Mes chers collègues, nous vous demandons un gros sacrifice : il s'agit par cet amendement de supprimer le Haut conseil de l'éducation.
En effet, de par son mode de désignation, ce Haut conseil s'apparentera, nous dit-on, à une autorité administrative indépendante. Or il sera composé de neuf membres désignés par le Président de la République, le président de l'Assemblée nationale, le président du Sénat et le président du Conseil économique et social.
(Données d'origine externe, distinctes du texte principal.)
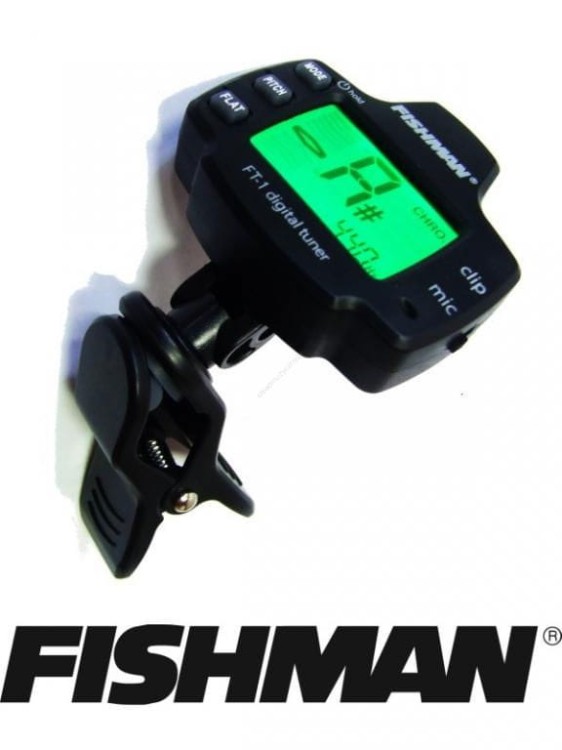 Fishman Tuner.jpg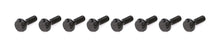 Load image into Gallery viewer, PRW Flexplate Bolt Kit 6.0 6.4 Diesel 1036310 fits 2003-2010 Ford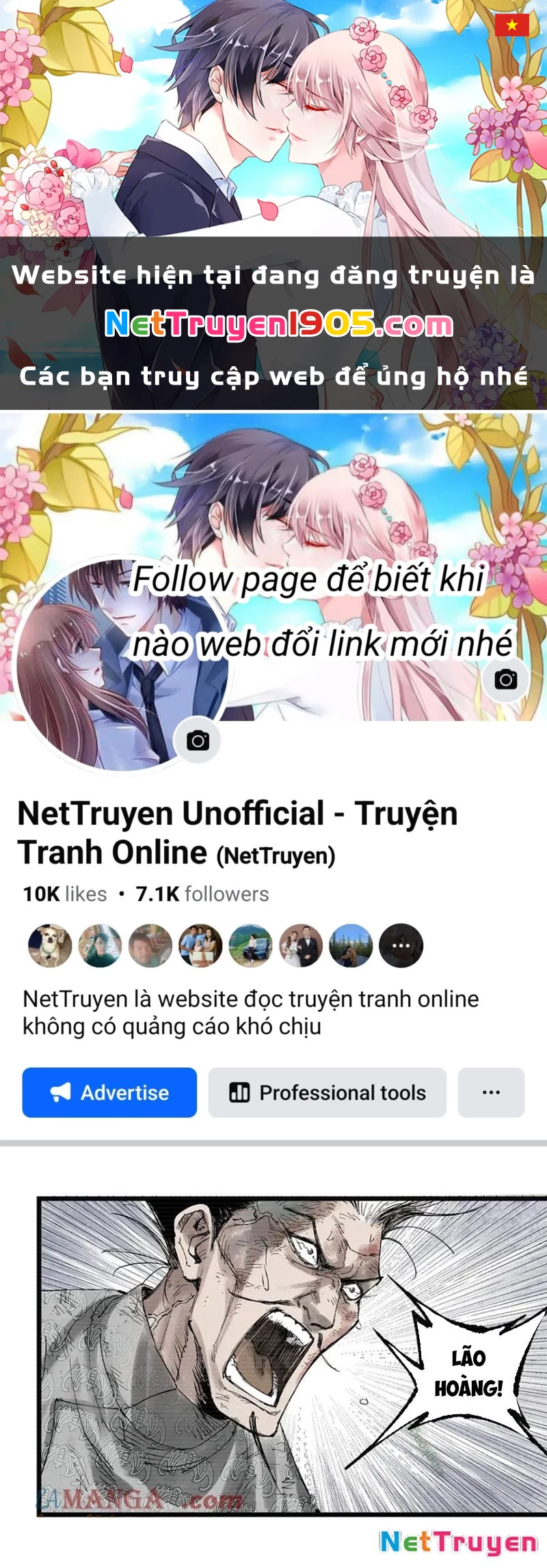 Thiên Hạ Đệ Nhất Lữ Bố Chapter 124 - 1
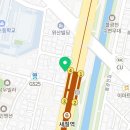 정성채내과의원 이미지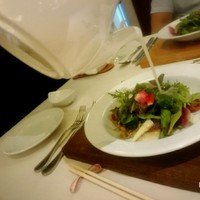 ENCUEIL 神戸北野 - 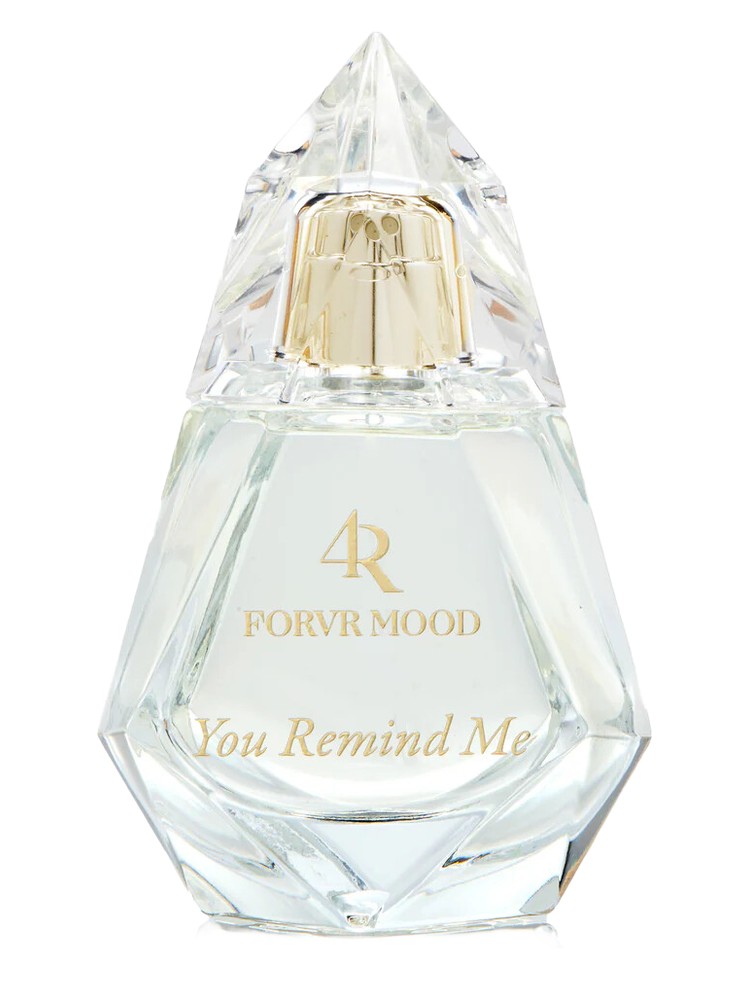 YOU REMIND ME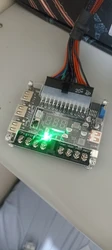 Imagen de reseña 1
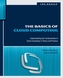 The Basics of Cloud Computing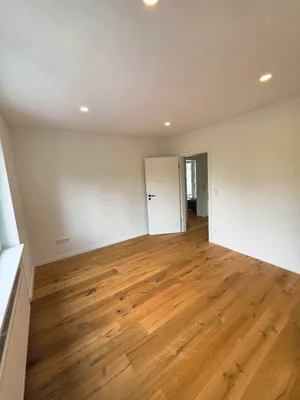 4-Zimmer-Wohnung kaufen in Salzburg Stadt – 105 m², € 630.000 – Bild 28 von 49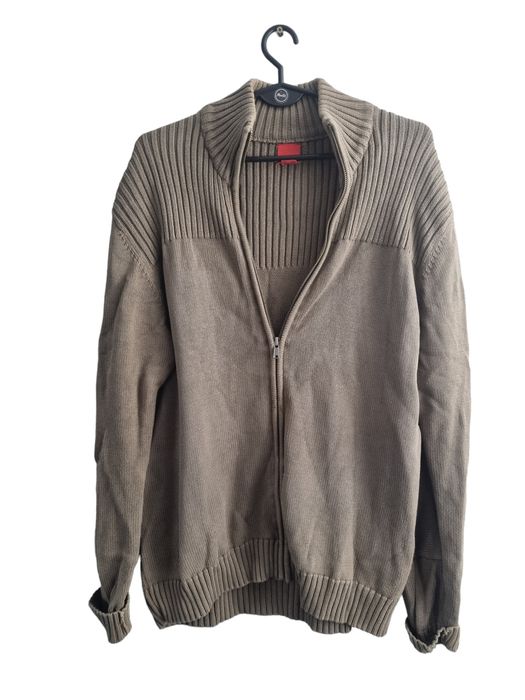 Meski kardigan Esprit rozmiar L/XL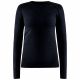 b999000_black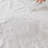 Ensemble de serviettes 100% coton absorbant 800GSM-20238602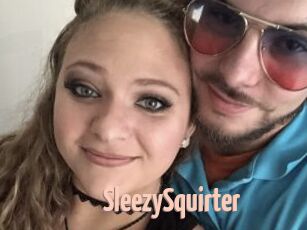 SleezySquirter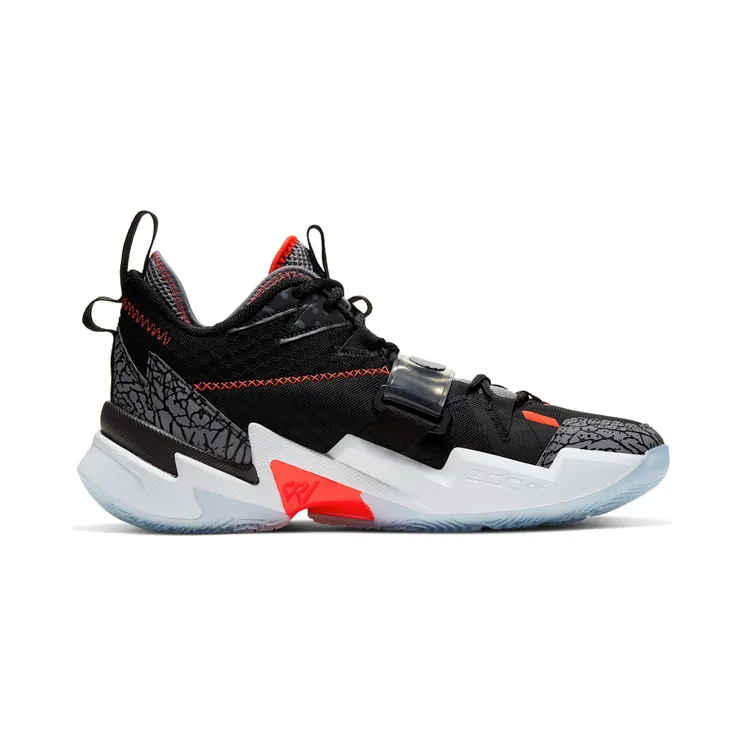 air-jordan-why-not-zer0 CD3003-006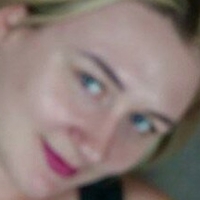 Blondifeet Nua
Ce sera donc une assemblée éminemment politique, et très peu indépendante dans les faits.
Ce Haut conseil, à la composition très politique, se substituera à deux conseils à la composition beaucoup plus démocratique et ouverte, mais que vous jugez bon de supprimer dans le seul souci de neutraliser deux outils incontestés du service public de l'éducation, dont les choix ou les rapports ne vont sans doute pas toujours dans le sens que vous souhaiteriez.
Je rappelle que le conseil national des programmes, qui a été présidé par M. Luc Ferry et qui est actuellement présidé par M. Jean-Didier Vincent, est composé de vingt et une personnalités qualifiées, essentiellement des enseignants de tous les degrés, mais aussi des chercheurs, et trois inspecteurs généraux de l'éducation nationale.
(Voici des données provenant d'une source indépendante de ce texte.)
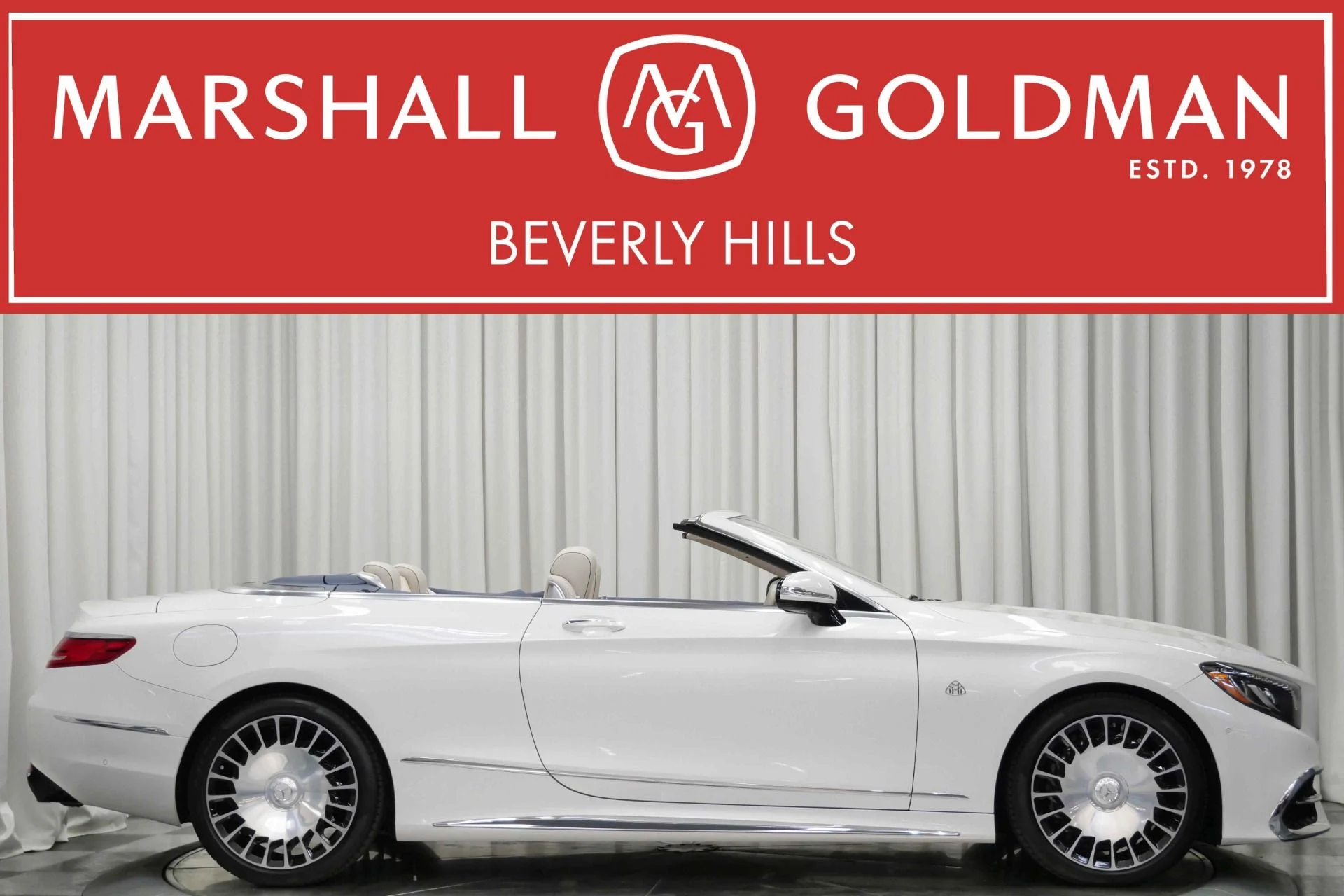 mph000_413266178_Used_2017_Mercedes_Benz_Mercedes_Maybach_S650_Cabriolet_1758656467_15c1658268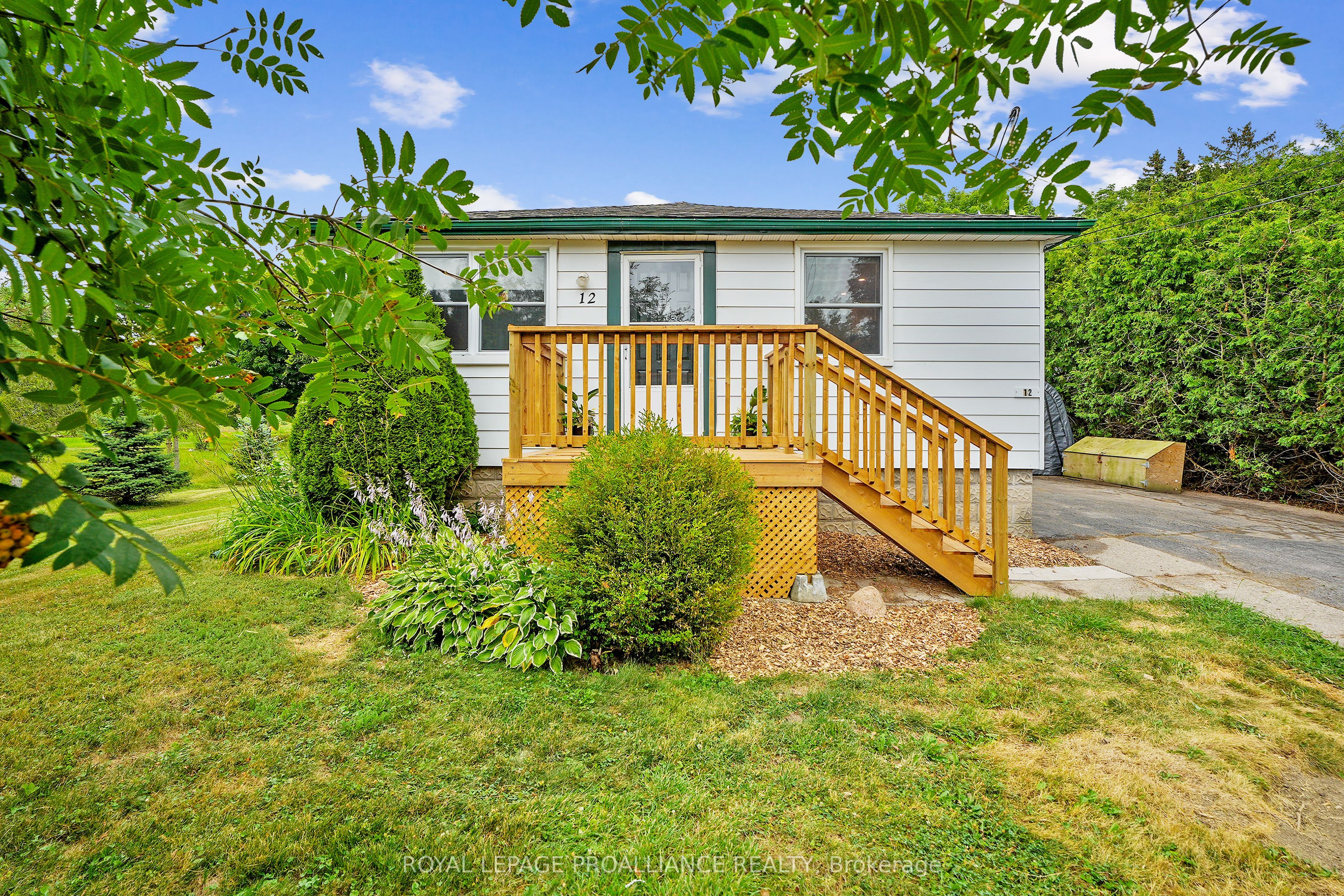 12 Parliament Street Property Photo 1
Le Haut conseil de l'évaluation de l'école, présidé par M. Christian Forestier, est quant à lui composé de trente-cinq membres, principalement des représentants des acteurs, des partenaires et des usagers de l'école, des syndicats de personnels tant enseignants que non-enseignants, des associations de parents d'élèves, des lycéens, mais aussi de membres de la « société civile », d'élus, de personnalités qualifiées, par exemple de chercheurs en sciences de l'éducation.
Le Haut conseil de l'éducation sera compétent pour se prononcer à votre demande, monsieur le ministre, dans un grand nombre de domaines : pédagogie, programmes, évaluation des connaissances des élèves, organisation et résultats du système éducatif, formation des enseignants, etc. En outre, il dressera le bilan périodique des résultats du système éducatif.
En réalité, de par la dilution de ses missions, ce nouveau conseil pourra difficilement être autre chose qu'un organisme empâté et poussé à l'inactivité.
Il est par ailleurs inconcevable de créer une instance qui soit à la fois juge, puisqu'elle évaluera le système et les programmes, et partie, puisqu'elle mettra lesdits programmes en place. Partisans de la séparation des pouvoirs, nous ne pouvons que contester cette double compétence.
On assiste donc, disons-le franchement, à une reprise en main politique des outils d'évaluation du système éducatif et de mise en oeuvre des politiques éducatives.
Entre politisation des instances et représentation de la communauté éducative, vous avez choisi. Ce choix résume votre réforme de l'éducation, qui trouve dans cet article une parfaite illustration.
Nous nous opposons, pour notre part, à ce choix, et nous demandons la suppression de cet article.